How to find the X highest values in a list depending on the values of another list with bash/awk?

136 views Asked by At

I found a bit of answers with this topic on this forum : How to find the X lowest values in a list with bash/awk?

But my problem is a little bit different.

This is an exemple of inpout.txt file (a "," delimited text file which can be open as csv file):

ID, Code, Value, Store
SP|01, AABBCDE, 15, 3 
SP|01, AABBCDE, 14, 2 
SP|01, AABBCDF, 13, 2
SP|01, AABBCDE, 16, 3 
SP|02, AABBCED, 15, 2 
SP|01, AABBCDF, 12, 3
SP|01, AABBCDD, 13, 2 
SP|02, AABBCDF, 9, 2
SP|01, AABBCDF, 8, 3

The idea is to print rows with the 2 highest values in "Value" column for identical values in "Code" (And also keep the headers)

Exemple of output files:

ID Code Value Store
SP|01, AABBCDE, 16, 3
SP|01, AABBCDE, 15, 3
SP|02, AABBCED, 15, 2
SP|01, AABBCDD, 13, 2
SP|01, AABBCDF, 13, 2
SP|01, AABBCDF, 12, 3

I'm new to Linux and have a bit of knowledge in very basic use of AWK, sed, grep ect but I'm unsure how to manipulate the file to get the output as stated above.

Any help would be very much appreciated!

1

There are 1 answers

6
Zsolt Botykai On
awk -F "," '
# it's the header
NR == 1 { header=$0 ; OFS=FS ; next }
# check if we stored the code already
! ( $2 in codes ) { codes[$2]=1 }
# store the max and line shift the previous max, skip to next line
$3 >= $2[1] { 
    $2[2] =  $2[1] ; 
    $2[4] = $2[3] ; 
    $2[3] = $0 ; 
    $2[1] = $3 ; 
    next 
}
# store the second greatest value
$3 > $2[2] { 
    $2[2] =  $3 ; 
    $2[4] = $0 
}
# finally print the maxes
END {
print header
for (c in codes) {
    print c[3]
    print c[4]
    }
}' INPUTFILE

Note, this prints the codes in random order, but the value lines (in the codes array) will be sorted (desc.).
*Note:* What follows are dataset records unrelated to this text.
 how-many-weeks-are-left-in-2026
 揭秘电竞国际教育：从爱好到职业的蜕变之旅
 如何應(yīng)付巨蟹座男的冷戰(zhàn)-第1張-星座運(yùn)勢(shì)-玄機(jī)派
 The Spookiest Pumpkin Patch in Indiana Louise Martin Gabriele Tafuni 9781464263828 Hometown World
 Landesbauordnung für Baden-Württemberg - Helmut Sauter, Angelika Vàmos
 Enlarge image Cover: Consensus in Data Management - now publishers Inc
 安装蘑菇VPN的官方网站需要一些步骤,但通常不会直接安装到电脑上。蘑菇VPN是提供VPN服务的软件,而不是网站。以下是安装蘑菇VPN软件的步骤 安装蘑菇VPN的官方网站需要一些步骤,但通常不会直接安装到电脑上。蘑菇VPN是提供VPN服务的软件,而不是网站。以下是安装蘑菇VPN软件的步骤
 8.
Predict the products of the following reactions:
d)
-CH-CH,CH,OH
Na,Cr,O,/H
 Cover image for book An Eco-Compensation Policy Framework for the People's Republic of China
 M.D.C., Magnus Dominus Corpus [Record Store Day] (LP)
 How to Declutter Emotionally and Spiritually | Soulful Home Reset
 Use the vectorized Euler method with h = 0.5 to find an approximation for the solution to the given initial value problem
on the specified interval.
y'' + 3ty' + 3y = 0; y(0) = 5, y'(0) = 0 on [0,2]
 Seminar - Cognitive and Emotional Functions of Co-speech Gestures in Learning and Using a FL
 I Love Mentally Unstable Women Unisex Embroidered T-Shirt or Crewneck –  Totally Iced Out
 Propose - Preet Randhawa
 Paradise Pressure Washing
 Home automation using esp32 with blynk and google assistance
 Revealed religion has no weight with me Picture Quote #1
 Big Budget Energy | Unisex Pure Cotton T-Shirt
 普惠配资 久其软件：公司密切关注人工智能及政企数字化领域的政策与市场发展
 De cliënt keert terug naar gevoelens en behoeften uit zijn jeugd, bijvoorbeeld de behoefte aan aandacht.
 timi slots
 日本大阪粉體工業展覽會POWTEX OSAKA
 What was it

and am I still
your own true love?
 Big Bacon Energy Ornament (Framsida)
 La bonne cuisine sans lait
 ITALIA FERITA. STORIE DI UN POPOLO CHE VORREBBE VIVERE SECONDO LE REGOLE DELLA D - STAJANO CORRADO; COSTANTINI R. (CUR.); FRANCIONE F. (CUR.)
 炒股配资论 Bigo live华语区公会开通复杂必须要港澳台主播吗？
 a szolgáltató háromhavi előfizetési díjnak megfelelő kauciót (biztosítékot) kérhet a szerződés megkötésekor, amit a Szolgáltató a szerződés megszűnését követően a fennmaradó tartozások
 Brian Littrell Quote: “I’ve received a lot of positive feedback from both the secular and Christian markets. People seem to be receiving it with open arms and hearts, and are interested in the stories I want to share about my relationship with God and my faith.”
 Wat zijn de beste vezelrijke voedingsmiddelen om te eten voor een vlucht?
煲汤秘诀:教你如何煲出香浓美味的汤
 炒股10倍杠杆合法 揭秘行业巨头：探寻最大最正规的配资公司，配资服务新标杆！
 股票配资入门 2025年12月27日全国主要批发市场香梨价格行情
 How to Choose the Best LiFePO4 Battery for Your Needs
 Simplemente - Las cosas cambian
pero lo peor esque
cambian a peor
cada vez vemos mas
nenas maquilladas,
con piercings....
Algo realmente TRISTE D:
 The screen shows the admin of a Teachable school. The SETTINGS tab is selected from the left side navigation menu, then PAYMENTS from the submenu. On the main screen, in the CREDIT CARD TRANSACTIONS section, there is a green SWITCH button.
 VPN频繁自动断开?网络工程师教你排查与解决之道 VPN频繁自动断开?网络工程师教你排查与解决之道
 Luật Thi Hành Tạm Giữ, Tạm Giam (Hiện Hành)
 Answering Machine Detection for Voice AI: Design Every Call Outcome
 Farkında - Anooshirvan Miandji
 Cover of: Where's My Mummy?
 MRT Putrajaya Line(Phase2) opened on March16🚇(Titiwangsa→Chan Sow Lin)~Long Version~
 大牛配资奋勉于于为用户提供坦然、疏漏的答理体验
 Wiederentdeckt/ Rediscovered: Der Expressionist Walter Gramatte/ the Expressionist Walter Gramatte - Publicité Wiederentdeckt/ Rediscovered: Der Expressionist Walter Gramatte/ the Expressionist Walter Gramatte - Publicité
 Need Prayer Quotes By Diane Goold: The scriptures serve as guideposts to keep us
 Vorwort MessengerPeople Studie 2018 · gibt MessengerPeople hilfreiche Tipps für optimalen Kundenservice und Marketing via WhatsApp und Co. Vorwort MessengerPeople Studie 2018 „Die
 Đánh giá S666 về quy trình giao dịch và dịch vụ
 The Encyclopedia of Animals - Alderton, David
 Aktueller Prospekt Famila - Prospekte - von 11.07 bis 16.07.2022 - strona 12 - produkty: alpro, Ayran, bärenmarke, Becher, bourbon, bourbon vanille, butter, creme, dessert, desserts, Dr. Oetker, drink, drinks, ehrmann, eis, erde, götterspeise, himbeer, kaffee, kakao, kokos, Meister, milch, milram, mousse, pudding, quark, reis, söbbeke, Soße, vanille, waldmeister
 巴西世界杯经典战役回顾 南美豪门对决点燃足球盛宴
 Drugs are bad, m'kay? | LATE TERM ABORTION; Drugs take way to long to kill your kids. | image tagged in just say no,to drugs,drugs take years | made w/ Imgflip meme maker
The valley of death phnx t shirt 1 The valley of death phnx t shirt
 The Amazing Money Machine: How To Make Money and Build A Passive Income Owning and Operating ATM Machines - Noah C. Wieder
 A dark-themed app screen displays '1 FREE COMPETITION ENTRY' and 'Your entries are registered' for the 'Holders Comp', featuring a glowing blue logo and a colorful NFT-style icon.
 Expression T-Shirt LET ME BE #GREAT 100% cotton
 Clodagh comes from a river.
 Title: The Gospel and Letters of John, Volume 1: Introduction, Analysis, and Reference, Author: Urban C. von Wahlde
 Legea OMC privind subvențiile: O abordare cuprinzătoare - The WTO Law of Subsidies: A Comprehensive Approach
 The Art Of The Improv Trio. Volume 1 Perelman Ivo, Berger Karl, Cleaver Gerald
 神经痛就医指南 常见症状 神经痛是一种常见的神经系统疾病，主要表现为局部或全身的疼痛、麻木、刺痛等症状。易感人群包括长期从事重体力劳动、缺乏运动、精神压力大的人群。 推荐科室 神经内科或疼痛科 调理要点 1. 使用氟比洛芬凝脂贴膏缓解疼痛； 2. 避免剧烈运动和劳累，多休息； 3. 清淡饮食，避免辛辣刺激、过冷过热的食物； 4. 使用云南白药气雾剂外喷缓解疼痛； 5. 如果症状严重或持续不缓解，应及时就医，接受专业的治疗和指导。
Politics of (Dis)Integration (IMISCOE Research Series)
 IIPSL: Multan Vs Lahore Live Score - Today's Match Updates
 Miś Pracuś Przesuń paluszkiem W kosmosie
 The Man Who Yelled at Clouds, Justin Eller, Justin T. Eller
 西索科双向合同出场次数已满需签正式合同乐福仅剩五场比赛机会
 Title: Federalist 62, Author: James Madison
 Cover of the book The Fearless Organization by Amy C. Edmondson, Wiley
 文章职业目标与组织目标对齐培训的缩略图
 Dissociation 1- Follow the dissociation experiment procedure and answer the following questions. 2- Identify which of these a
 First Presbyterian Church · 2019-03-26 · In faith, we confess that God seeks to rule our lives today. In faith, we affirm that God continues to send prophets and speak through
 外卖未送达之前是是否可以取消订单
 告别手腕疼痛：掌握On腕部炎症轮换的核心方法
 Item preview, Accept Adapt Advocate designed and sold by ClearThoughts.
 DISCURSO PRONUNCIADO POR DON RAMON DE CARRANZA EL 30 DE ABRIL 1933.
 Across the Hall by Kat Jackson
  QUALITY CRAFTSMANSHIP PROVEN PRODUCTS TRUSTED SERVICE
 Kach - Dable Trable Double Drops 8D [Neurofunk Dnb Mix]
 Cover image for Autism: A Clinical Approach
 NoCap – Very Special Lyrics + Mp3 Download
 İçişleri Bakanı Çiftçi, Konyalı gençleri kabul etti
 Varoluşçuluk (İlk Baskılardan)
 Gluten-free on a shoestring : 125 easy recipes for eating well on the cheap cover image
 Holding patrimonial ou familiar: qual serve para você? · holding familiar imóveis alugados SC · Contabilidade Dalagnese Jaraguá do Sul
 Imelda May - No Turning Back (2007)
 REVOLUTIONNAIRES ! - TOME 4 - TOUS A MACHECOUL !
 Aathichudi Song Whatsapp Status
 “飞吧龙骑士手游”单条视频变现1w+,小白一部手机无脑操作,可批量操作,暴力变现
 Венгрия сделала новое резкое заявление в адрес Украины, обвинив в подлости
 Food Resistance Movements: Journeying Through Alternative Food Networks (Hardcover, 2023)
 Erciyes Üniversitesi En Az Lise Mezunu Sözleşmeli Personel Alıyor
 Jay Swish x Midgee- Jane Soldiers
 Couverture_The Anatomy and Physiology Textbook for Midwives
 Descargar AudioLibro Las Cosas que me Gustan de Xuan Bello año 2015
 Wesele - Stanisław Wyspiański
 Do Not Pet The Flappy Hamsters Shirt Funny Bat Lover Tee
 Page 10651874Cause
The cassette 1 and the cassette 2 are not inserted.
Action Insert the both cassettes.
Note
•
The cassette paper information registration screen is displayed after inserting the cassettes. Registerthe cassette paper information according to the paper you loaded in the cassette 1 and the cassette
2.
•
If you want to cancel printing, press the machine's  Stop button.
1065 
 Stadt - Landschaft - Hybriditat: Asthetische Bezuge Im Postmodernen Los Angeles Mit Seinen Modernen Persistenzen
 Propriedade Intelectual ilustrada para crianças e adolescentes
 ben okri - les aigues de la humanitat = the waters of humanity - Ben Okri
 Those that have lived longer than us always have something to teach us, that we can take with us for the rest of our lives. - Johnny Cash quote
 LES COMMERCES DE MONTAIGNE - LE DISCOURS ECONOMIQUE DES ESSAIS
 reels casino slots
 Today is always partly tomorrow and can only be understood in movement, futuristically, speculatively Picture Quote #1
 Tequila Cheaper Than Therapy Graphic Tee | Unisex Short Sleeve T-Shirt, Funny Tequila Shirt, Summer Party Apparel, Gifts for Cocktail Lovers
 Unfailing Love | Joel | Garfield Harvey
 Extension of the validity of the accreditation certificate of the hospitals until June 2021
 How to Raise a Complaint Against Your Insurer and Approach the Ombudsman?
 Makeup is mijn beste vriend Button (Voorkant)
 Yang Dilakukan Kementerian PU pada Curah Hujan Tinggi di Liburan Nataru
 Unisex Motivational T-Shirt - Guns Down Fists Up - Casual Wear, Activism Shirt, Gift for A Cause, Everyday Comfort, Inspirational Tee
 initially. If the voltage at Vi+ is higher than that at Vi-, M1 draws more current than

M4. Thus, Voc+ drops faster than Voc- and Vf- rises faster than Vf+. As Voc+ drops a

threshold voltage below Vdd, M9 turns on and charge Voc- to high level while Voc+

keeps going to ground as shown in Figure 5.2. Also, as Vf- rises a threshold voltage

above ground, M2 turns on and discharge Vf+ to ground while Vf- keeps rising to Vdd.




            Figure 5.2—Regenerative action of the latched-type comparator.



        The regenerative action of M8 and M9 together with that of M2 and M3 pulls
UPDATE: the problem with the above code is that GAwk does not support dynamic array names. It can be solved with multi dimensional arrays which GAwk supports in a strange manner, see here: http://objectmix.com/awk/27035-dynamic-array-names.html and Awk array iteration for multi-dimensional arrays and the official docs: http://www.gnu.org/software/gawk/manual/html_node/Multi_002ddimensional.html . I'd recommend going that way.